There’s danger and intrigue in every parcel of this engrossing story, which retraces Leonard’s steps up the path of what could be the final hours of his quest to figure out who killed his wife. There’s also plenty of bleak humor: At one point, Lenny awakes from one of his slate-wiping moments and finds himself with an angry man after him. “So what am I doing? Chasing this guy?” Lenny asks himself. A bullet nearly takes his head off. “No, he’s chasing me.” Lenny runs.
Later—meaning earlier; catching on yet?—he runs into a few unsavory characters, among them a shadowy guy who might be named Teddy (Joe Pantoliano)—it’s only one of his monikers—and Natalie (Carrie-Anne Moss), a bartender whose motives don’t become clear until Leonard first meets her—that is, the last time we see her. It’s very much a writer’s movie, with little room for showy acting, and the cast cooperates with stark, Cornell Woolrich-meets-Elmore Leonard caricatures in their performances.
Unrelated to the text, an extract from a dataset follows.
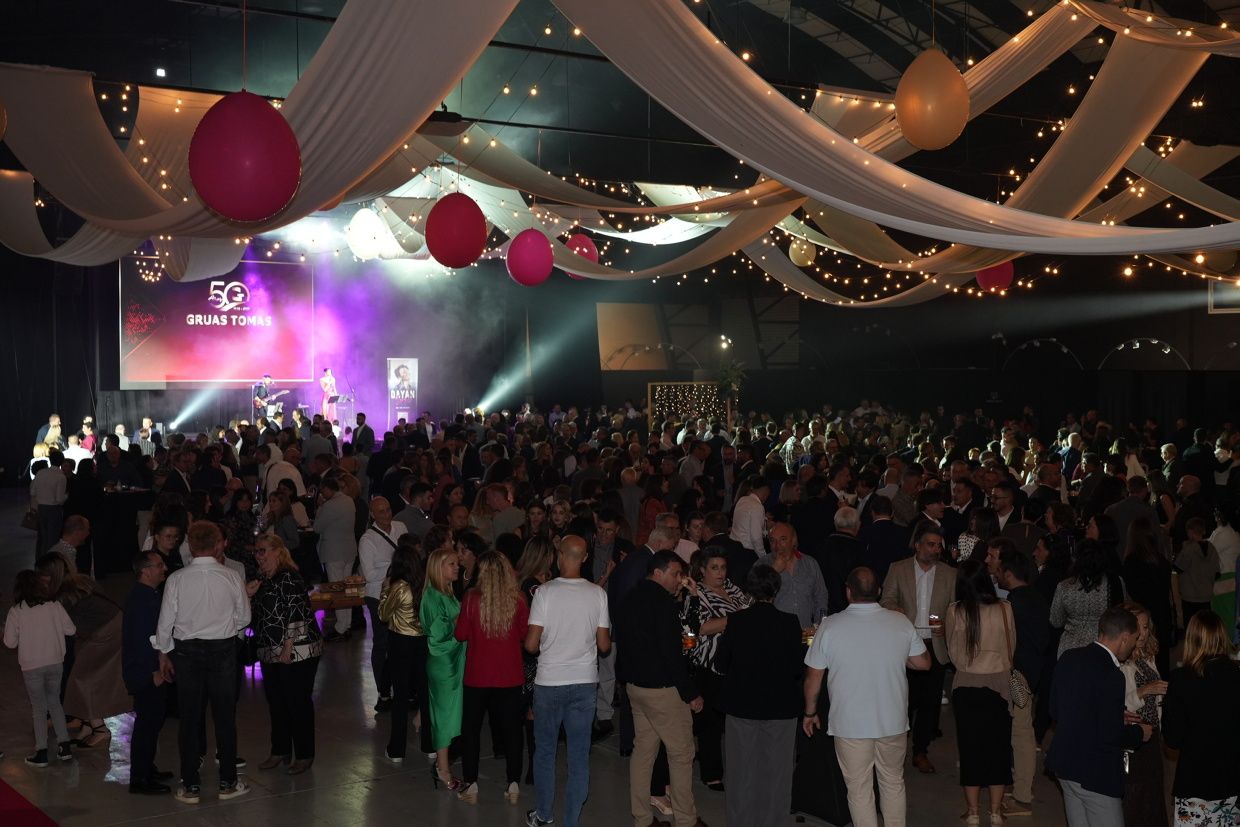 Galería de fotos de la gala del 50º aniversario de Grúas Tomás en Vila-real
Due to its structure, the film’s climax is revealed in the opening three minutes. Instead of a whodunit, Memento becomes a whydunit. As Lenny moves toward what he thinks will be the resolution of the quest, we watch clues and solutions present themselves, then fade into the background when a new bit of information is gleaned from Nolan’s expertly folded script. Somehow, Nolan wrings tension out of the search for the beginning, not the twists and turns that lead to an end.
The strategy of telling a story backwards has been used by everyone from Atom Egoyan to Martin Amis, but rarely has it been employed within a story that made use of its suspense possibilities so well. Watching Memento for the first time is a profoundly disorienting experience, which creates an atmosphere of genuine tension.
We begin to place mental bookmarks throughout the tale, only to remove them minutes later. After a while, we understand the desperation enveloping Leonard, the desperation that led up to the first scenes of the film. There’s a hollow ring to the picture; as Natalie points out, even if Leonard gets revenge, he’s not going to remember it.
There’s no clear resolution in the final scenes of the film. As Nolan spent the first 100 minutes reminding us, even the best memories are faulty, and people often remember what suits them. That’s why the film’s final revelations are such a kick—we have no idea if any of this is true, or whether the events described are any more real than the lies we’ve already been told.
Those seeking concrete resolution to their stories might feel slighted, but they might also see the entertainment value in the mental exercise Nolan has presented for us. In many ways, it’s nothing more than an unsolvable Rubik’s cube, a puzzle that’s more interesting without answers. The more we learn about Leonard, the more information we’re forced to throw away. Both constructive and destructive, it’s a terribly entertaining exercise.
Memento (R) HHH1/2 Directed by Christopher Nolan. Starring Guy Pearce, Carrie-Anne Moss and Joe Pantoliano.